Exercise instructions: Repeat the entries below exactly as they appear, with no pictures.

Information shown:

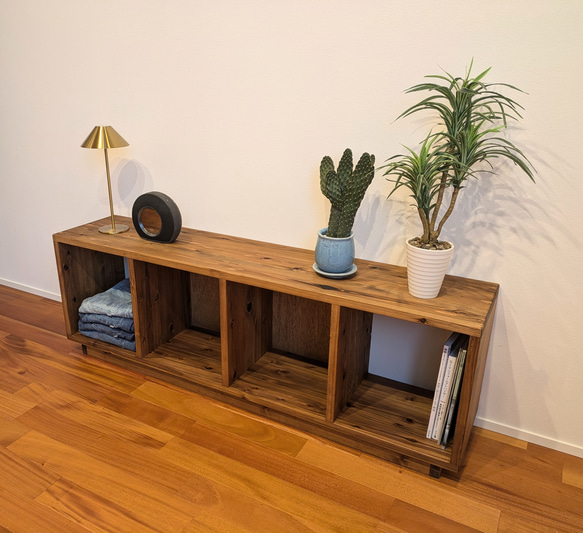 【rastic lowboard　w140cm】サイズオーダー可能　テレビボード/テレビ台/本棚/収納棚 5枚目の画像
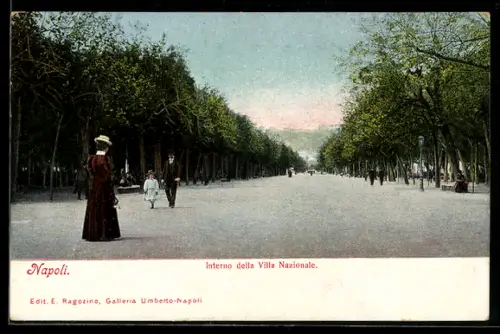 AK Napoli, Interno della Villa Nazionale
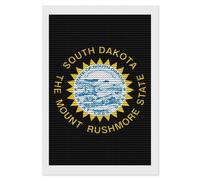 South Dakota State Flag Diamond 5D Painting Kits for Adult Beginners Round Full Drill DIY Wall Art Craft Decor Gift 8"x12"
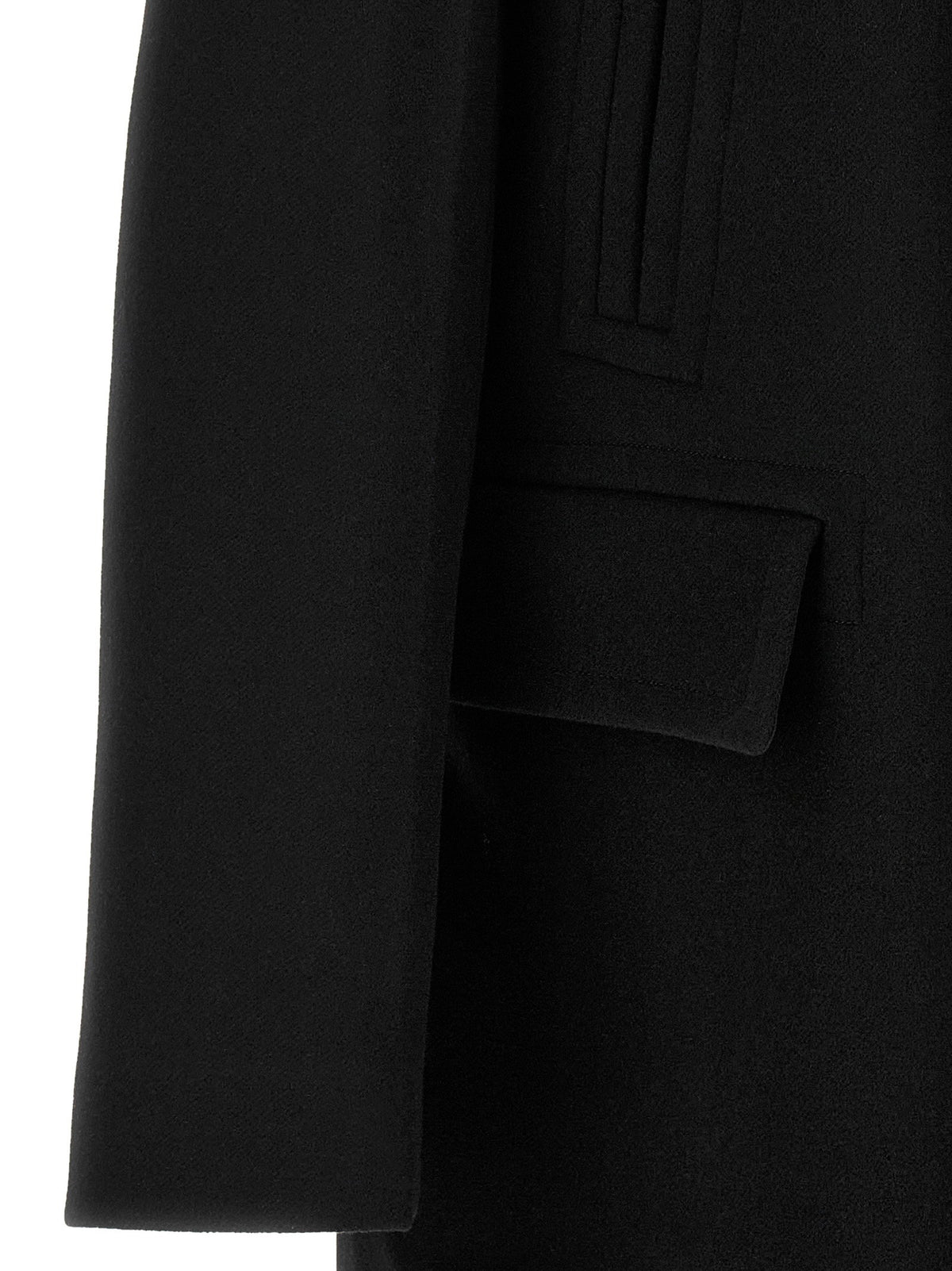 Fendi Angora And Wool Coat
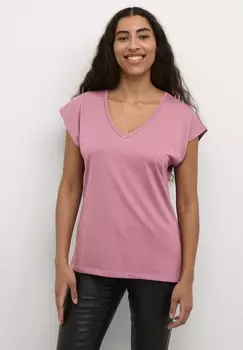 Базовая футболка LISE Kaffe, светло-розовый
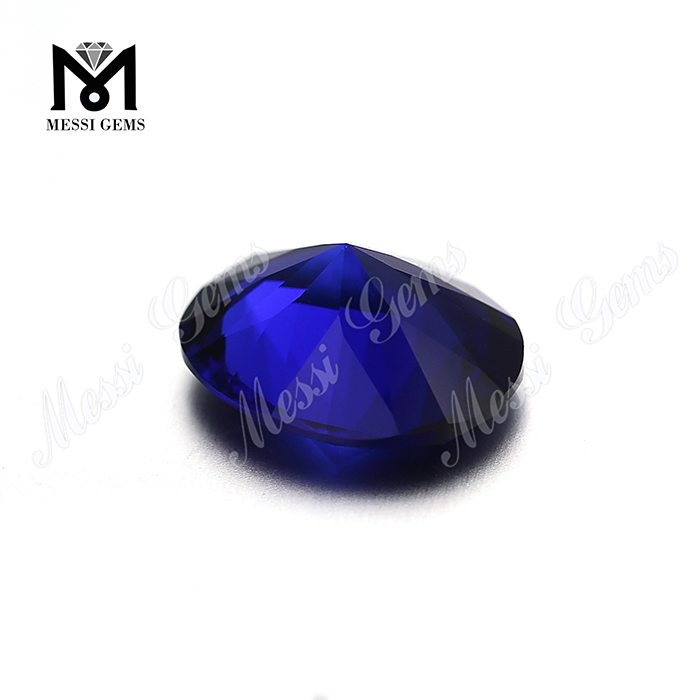 Artificial Crystal Stone 12x14 Oval Cut Sapphire Nanosital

Response to this exercise:
 【rastic lowboard　w140cm】サイズオーダー可能　テレビボード/テレビ台/本棚/収納棚 5枚目の画像
 AK Napoli, Interno della Villa Nazionale
 South Dakota State Flag Diamond 5D Painting Kits for Adult Beginners Round Full Drill DIY Wall Art Craft Decor Gift 8"x12"
 Fendi Angora And Wool Coat
 Базовая футболка LISE Kaffe, светло-розовый
 Artificial Crystal Stone 12x14 Oval Cut Sapphire Nanosital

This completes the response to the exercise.